The Global Fuel Economy Initiative (GFEI)—a collaboration between the FIA Foundation, International Energy Agency, International Transport Forum and United Nations Environment Programme (earlier post)—released a report describing a roadmap and initial action plan to achieve a 50% improvement in fuel economy in the global light duty vehicle fleet by 2050.

The International Energy Agency (IEA) has estimated that fuel consumption and emissions of CO2 from the world’s cars will roughly double between 2000 and 2050. The IEA and ITF have developed a range of projections of possible “business-as-usual” scenarios around this, indicating the potential for a doubling (or more) of vehicle kilometers travelled (VKT) combined with modest improvements in vehicle fuel economy. These take into account an improvement in the fuel efficiency of new cars based on existing fuel economy regulations, mainly in OECD countries, with improvements slowing in most regions after 2015.

Worldwide, cars currently account for close to half of the transport sector’s fuel consumption and CO2 emissions. Their share will fall to just under 40% by 2050, with aviation set to grow to match road freight at around 22% of fuel consumption and emissions each.

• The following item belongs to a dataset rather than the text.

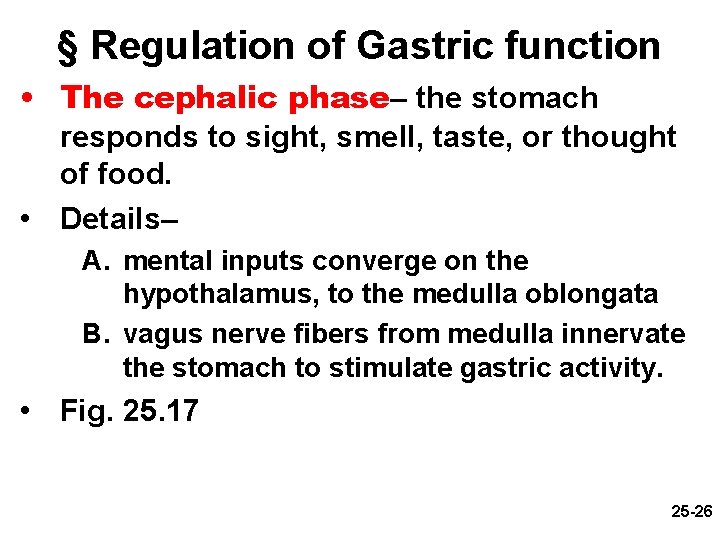 § Regulation of Gastric function • The cephalic phase– the stomach responds to sight,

GFEI expects that the technologies required to improve the efficiency of new cars 30% by 2020 and 50% by 2030, and the efficiency of the global car fleet 50% by 2050, mainly involve incremental change to conventional internal combustion engines and drive systems, along with weight reduction and better aerodynamics. Main additional measures would be full hybridization of a much wider range of vehicles (possibly including, but not requiring, plug-in hybrid vehicle technologies).

Click to enlarge.

In the United States, fuel consumption is considerably higher than the OECD average: doubling of tested fuel economy would mean moving from the current new car (and light truck) average of 26 mpg to 52 mpg (about 9 to 4.5 litres per 100 km). In non-OECD countries, more work is needed to better understand current fuel economy levels and their likely future trends, but a level of 4 litres per 100 km [59 mpg US] (or even lower) should be attainable

The GFEI report notes that while achieving the targeted reduction in fuel consumption should have “relatively small” costs, it notes that consumers are unlikely to demand a 50% improvement in fuel economy without government intervention and pro-active industry action. Reasons for this consumer reluctance adduced by the report include:

  • Many technologies that can improve fuel economy can instead be used to increase the power of vehicles, a traditionally strong selling point for cars.

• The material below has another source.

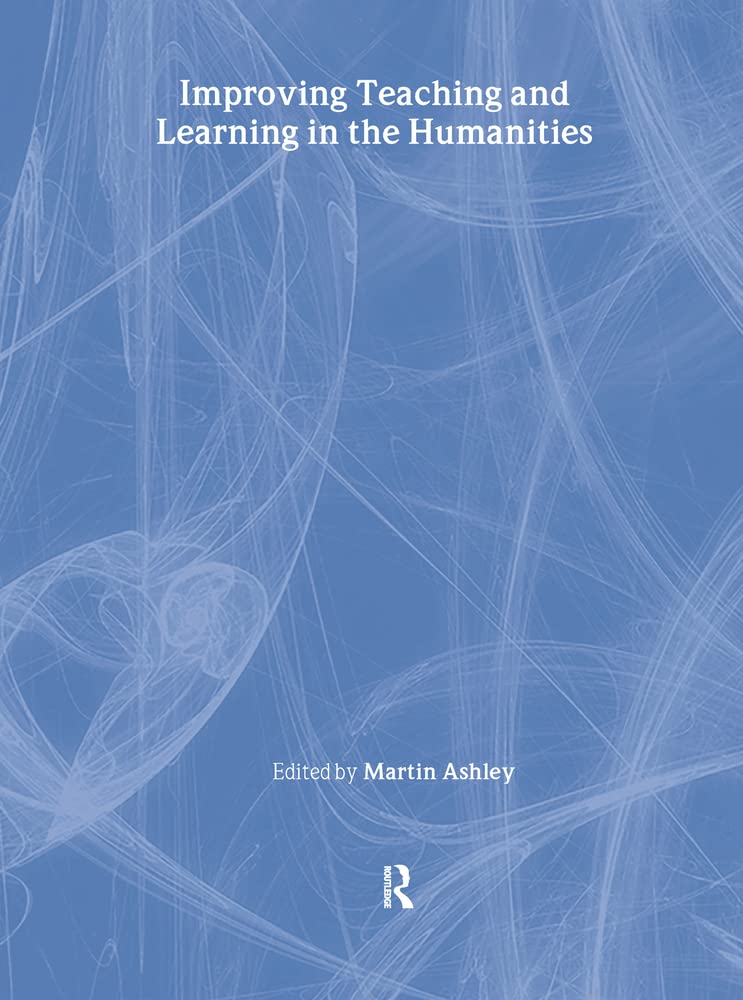 Buy Improving Teaching and Learning in the Humanities — BookShops.in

  • Given consumer aversion to risk, and the presence of risks such as fluctuating fuel prices, manufacturers will not invest in new technology unless they are sure of selling cars equipped with it.

  • Consumers need additional information when new vehicle technologies are introduced to ensure that they work properly, provide performance similar to standard technologies, and provide the cost efficiency claimed.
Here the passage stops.